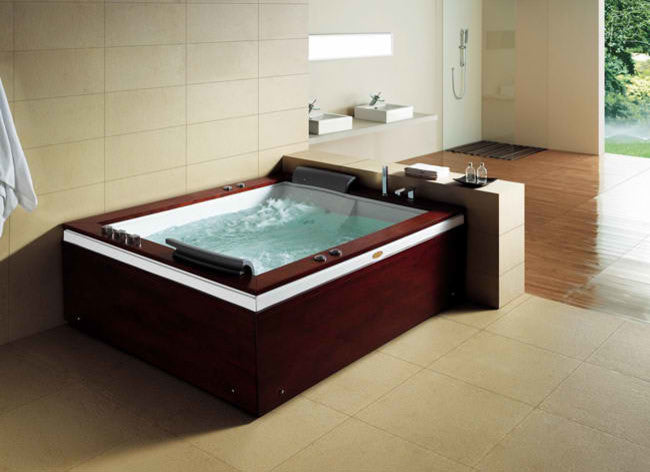 Freestanding Combination Air/Whirlpool With Solid Wood Accents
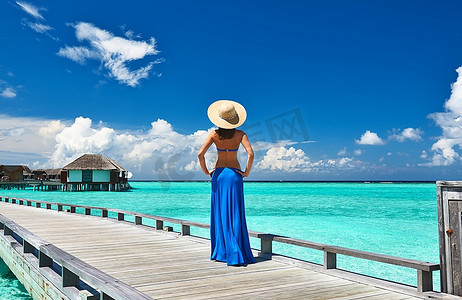 马尔代夫热带海滩码头上的一名女子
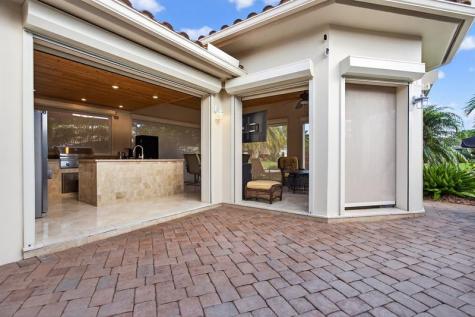 391 Sundial Circle Pompano Beach FL 33068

__BRIEF__. Leave out the pictures, and retype exactly the lines from the one containing "马尔代夫热带海滩码头上的一名女子" through the final line of the data.

__RESPONSE TO THIS TASK__.
 马尔代夫热带海滩码头上的一名女子
 391 Sundial Circle Pompano Beach FL 33068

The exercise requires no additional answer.